C4.5 in detail and comparative analysis of decision tree algorithms

Previously, we have talked about 2 of the Decision Tree Algorithms:

1. Gini Index (while implementing CART – Classification)

2. ID3 – Iterative Dichotomiser 3 (while implementing CART – Regression)

There are a few more algorithms that you need to be aware of.

In this blog, we are going to learn about those algorithms and do a comparative study of all these algorithms.

In this post, you’ll learn

1. What is C4.5 algorithm

2. What is C5.0 algorithm

3. How are the above 2 algorithms different from each other

4. Which algorithm is better and why: ID3, C4.5, C5.0

If you would like to recap what Gini Index was about, visit: https://insightimi.wordpress.com/2020/03/08/classification-and-regression-tree/ and scroll to “What is Gini Index?”

And for ID3, visit: https://insightimi.wordpress.com/2020/03/15/cart-regression-tree-from-scratch-with-a-hands-on-examplein-r/ and scroll to “What are Greedy Learners?”

Before diving straight into C4.5, we urge you to visit and read the blog on CART – Regression Tree. (https://insightimi.wordpress.com/2020/03/15/cart-regression-tree-from-scratch-with-a-hands-on-examplein-r/)

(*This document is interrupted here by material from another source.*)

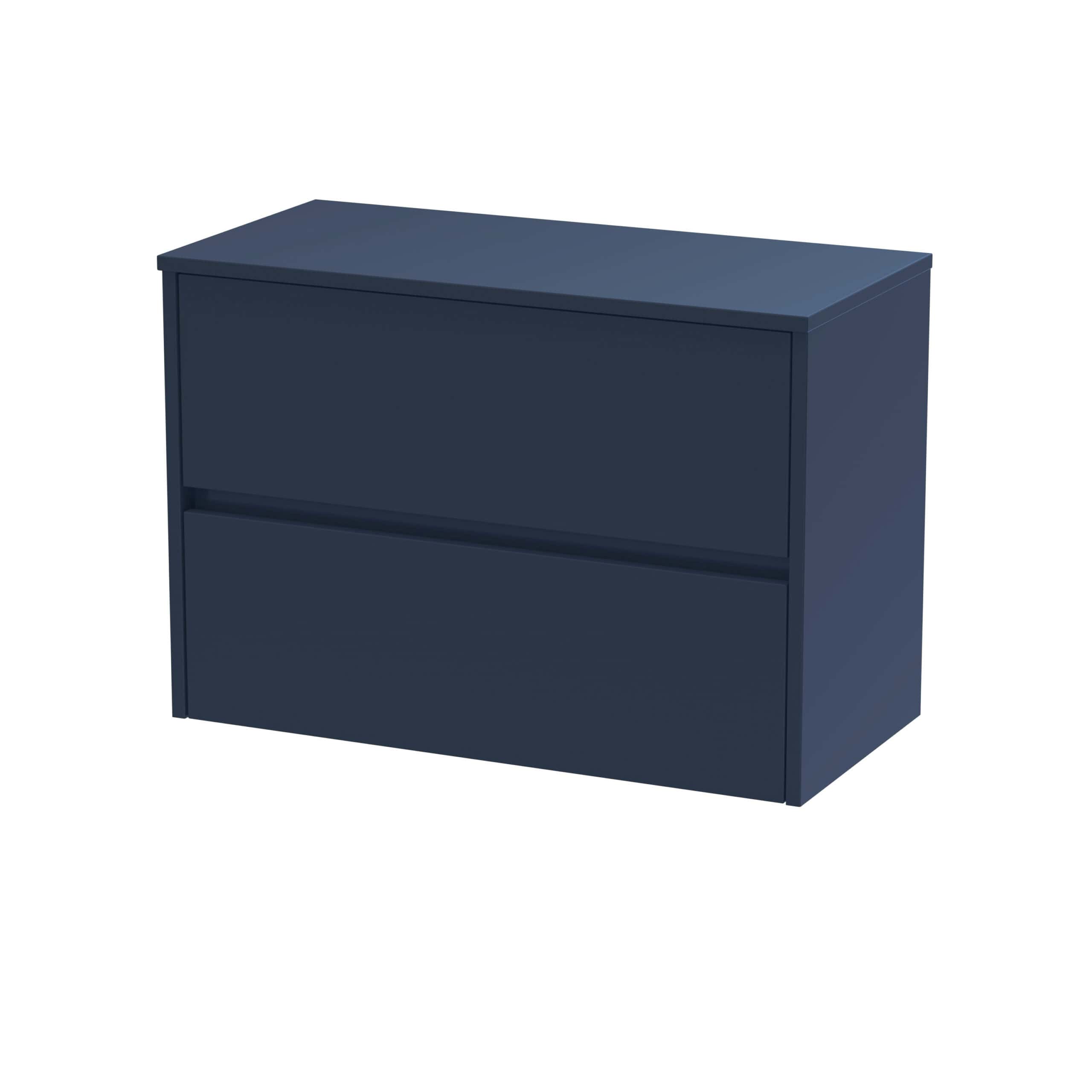 Modern navy blue bathroom cabinet with two drawers for extra storage and sleek design. Perfect for contemporary bathroom decor and organisation.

It will give you more clarity on the topics like:

1. Greedy Learners

2. Entropy

3. Information Gain

4. Gain Ratio

5. SplitInfo

These topics are utmost important to be clear in your mind before proceeding further.

C4.5 Algorithm

ID3 is the most common decision tree algorithm these days. It was developed by Ross Quinlan in 1986. It creates a multi-way tree. In ID3, we first “greedily” find the categorical variable for every node which will yield the largest “information gain” for categorical features. After that, the trees are grown to their maximum size followed by which, a “pruning” step is applied (mostly) to improve the ability of the tree so that it can be applied to unseen data.

C4.5 is the successor to the ID3 algorithm. It was also developed by Ross Quinlan. It would be safe to say that C4.5 is an evolution of ID3.

ID3 uses Information Gain as the splitting criteria whereas C4.5 uses Gain Ratio as the splitting criteria. The main thought behind creating C4.5 was to overcome the issues that ID3 had. We’ll talk about these issues in a while.

Let’s understand how C4.5 works using the following dataset:

Dataset:

The data contains information on weather – related to temperature, humidity, wind, etc. This is a small dataset of 14 rows only.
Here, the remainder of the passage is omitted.